• **Task brief**
Lines from the opening of the material through the line containing "The envelope is" must be duplicated word for word. Pictures are not.

• **Input data**
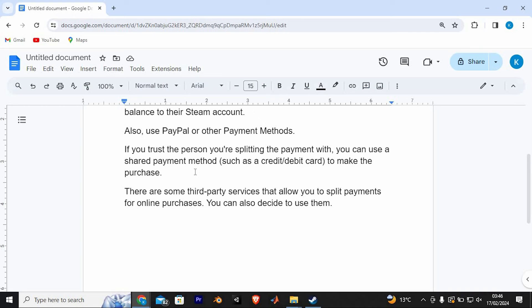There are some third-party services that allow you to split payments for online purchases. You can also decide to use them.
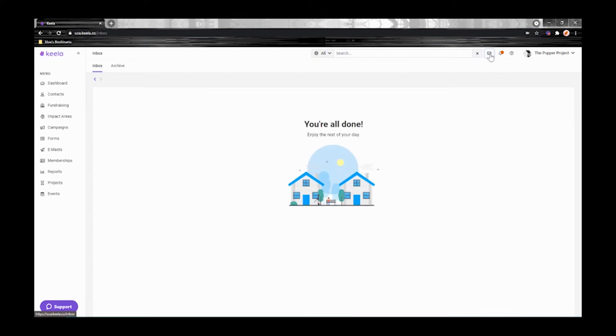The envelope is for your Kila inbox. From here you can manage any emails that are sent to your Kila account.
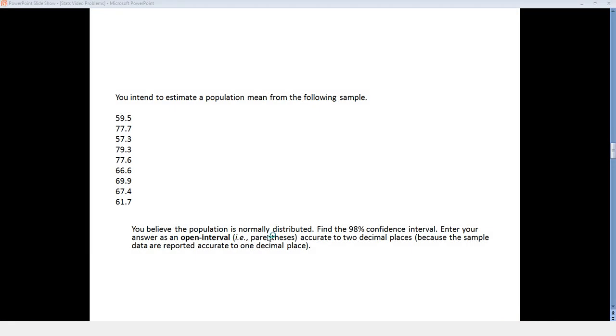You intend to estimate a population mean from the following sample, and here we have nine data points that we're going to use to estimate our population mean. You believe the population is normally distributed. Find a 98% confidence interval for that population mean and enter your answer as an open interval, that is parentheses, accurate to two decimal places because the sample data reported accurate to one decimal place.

• **Answer to this task**
There are some third-party services that allow you to split payments for online purchases. You can also decide to use them.
The envelope is for your Kila inbox. From here you can manage any emails that are sent to your Kila account.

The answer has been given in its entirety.